Wednesday, April 25, 2012

Why Sorting Your Business Debts Out Is Very Important

By Jane Edwards


The continued growth of the business is pertinent to sorting out the business debts that have accumulated. These may be because of equipment or supply purchases, a loan, or debt issuance to investors in order to raise capital. No matter what the reason, they are all termed liabilities because the company is liable to whoever holds the right to collect the money.

Debt is generally categorized as either a long-term or current liabilities, depending on when it is due to be paid off. Current means that the pay off date is within the current accounting period or one year, whereas long-term is after this. The sooner an obligation is due, the greater the threat it is to the liquidity of the business.

Once this has been sorted, the type of debt that has been incurred must be examined. It can be a result of overspending, whereby the vendors may not want to extend credit again. It can also be a result of having issued debt to increase the flow of capital to the organization.
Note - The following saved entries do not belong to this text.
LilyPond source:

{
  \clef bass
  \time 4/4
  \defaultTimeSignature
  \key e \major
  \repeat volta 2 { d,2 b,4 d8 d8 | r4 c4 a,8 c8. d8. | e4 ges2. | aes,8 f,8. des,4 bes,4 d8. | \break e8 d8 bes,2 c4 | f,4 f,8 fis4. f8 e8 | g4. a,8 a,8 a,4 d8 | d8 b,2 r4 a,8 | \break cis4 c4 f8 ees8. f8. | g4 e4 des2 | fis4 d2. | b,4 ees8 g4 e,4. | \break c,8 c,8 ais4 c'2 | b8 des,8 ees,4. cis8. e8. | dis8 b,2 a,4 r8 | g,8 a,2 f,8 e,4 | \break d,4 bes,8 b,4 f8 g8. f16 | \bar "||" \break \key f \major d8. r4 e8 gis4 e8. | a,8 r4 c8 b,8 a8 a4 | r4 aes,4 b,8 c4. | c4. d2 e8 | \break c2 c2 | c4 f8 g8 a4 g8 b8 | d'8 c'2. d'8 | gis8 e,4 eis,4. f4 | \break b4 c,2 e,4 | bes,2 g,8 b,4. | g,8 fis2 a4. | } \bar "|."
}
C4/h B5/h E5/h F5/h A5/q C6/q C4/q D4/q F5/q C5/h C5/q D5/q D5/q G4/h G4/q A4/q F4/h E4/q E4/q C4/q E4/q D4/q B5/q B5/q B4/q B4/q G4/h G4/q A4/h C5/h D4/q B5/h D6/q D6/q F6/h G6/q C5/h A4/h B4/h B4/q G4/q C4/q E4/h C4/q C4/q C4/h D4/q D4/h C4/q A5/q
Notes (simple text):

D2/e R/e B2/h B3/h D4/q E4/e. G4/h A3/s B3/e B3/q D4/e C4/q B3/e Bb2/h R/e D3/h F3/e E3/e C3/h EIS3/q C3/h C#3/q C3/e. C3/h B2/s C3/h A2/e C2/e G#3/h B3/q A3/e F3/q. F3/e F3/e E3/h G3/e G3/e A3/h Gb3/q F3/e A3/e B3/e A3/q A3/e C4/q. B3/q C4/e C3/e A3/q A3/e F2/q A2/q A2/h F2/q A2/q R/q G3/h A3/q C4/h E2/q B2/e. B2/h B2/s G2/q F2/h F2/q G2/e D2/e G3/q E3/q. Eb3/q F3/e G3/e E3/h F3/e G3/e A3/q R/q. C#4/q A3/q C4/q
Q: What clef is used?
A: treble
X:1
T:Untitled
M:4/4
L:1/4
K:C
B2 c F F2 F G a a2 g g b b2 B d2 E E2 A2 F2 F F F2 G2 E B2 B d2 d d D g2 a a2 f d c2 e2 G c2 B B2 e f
Or, it may be due to a loan that was taken out to start or grow the business and lack of payment may cause the interest rate to rise.

Sometimes a company spends more than they can afford and when this occurs they need to find the means to cover the current portion of the expenditure. This can be done either by taking out a loan, increasing production and sales, or issuing debt to private or public investors. An increase in production can sometimes lead to increased debt, so a company must be careful. The last option is generally not feasible for those businesses that are small or nonpublic.

Once debts begin to be paid off, a negative cycle of overspending and trying to find the funds can often occur. Therefore, the organization must keep unnecessary expenses and overhead costs to a minimum. It is very important that those in charge are firmly aware of how and why money is being spent.

If a company has taken out a large loan for which repayment has begun, it can often mean a shortfall of capital. Refinancing may be a future possibility if the initial interest rates were high. This is particularly pertinent with a new business that has not established its credit. A year of payments to the lender may qualify the business for a reduction in the interest charged.

If the first payment on the loan has not been made and the company realizes that it may not be able to afford it, they can ask the lender to extend the amount of time until their first payment. Some will oblige, but at a cost to the borrower. Interest will continue to be charged on the principal, or initial amount borrowed, during this time period.

Debt due to an issuance to investors is not due until the maturity date. As this date approaches, many companies seek to issue more debt to cover the cost of paying the investors their initial principal amounts back. Other companies will offer an exchange of the bond for stock, so as to avoid having a large outflow of cash.

The continued growth of any organization is dependent upon sorting out business debts pertinent to that company. Without the appropriate amount of capital to afford current liabilities and operating expenses, the business may cease to exist. It is for this reason that they should be closely monitored.